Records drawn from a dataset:
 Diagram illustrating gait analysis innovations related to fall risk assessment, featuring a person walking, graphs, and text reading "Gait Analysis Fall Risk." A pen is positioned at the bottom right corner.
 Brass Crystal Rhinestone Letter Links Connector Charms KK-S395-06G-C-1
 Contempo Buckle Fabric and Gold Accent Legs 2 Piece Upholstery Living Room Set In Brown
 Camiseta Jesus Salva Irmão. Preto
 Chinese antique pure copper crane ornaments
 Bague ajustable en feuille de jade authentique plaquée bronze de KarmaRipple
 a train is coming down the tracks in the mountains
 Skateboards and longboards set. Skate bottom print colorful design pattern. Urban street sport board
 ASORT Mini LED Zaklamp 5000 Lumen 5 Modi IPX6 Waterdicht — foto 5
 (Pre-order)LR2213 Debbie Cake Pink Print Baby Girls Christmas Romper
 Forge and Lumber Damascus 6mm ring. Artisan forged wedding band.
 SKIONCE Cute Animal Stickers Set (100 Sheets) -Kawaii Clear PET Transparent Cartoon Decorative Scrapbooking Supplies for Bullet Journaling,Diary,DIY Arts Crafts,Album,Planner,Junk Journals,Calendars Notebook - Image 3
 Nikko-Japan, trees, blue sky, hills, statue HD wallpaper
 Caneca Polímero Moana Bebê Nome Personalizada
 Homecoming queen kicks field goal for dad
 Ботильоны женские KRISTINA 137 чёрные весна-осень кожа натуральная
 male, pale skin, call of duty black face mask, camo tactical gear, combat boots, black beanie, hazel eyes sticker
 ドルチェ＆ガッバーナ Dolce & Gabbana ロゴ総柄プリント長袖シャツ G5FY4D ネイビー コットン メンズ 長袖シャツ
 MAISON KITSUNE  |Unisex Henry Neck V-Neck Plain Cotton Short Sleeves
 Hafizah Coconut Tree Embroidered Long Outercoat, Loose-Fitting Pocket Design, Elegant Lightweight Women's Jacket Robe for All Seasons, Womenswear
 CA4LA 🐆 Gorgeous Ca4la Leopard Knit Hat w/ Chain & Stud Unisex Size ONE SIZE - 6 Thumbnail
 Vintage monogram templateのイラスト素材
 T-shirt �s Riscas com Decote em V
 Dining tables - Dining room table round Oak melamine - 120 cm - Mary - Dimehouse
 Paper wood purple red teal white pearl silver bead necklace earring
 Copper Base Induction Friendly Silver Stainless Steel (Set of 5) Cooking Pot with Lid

Activity =>
Print each line, exactly as written, from the one that contains "Cotton Short Sleeves" to the end of the data above, with both end lines included and nothing else.

Task answer =>
 MAISON KITSUNE  |Unisex Henry Neck V-Neck Plain Cotton Short Sleeves
 Hafizah Coconut Tree Embroidered Long Outercoat, Loose-Fitting Pocket Design, Elegant Lightweight Women's Jacket Robe for All Seasons, Womenswear
 CA4LA 🐆 Gorgeous Ca4la Leopard Knit Hat w/ Chain & Stud Unisex Size ONE SIZE - 6 Thumbnail
 Vintage monogram templateのイラスト素材
 T-shirt �s Riscas com Decote em V
 Dining tables - Dining room table round Oak melamine - 120 cm - Mary - Dimehouse
 Paper wood purple red teal white pearl silver bead necklace earring
 Copper Base Induction Friendly Silver Stainless Steel (Set of 5) Cooking Pot with Lid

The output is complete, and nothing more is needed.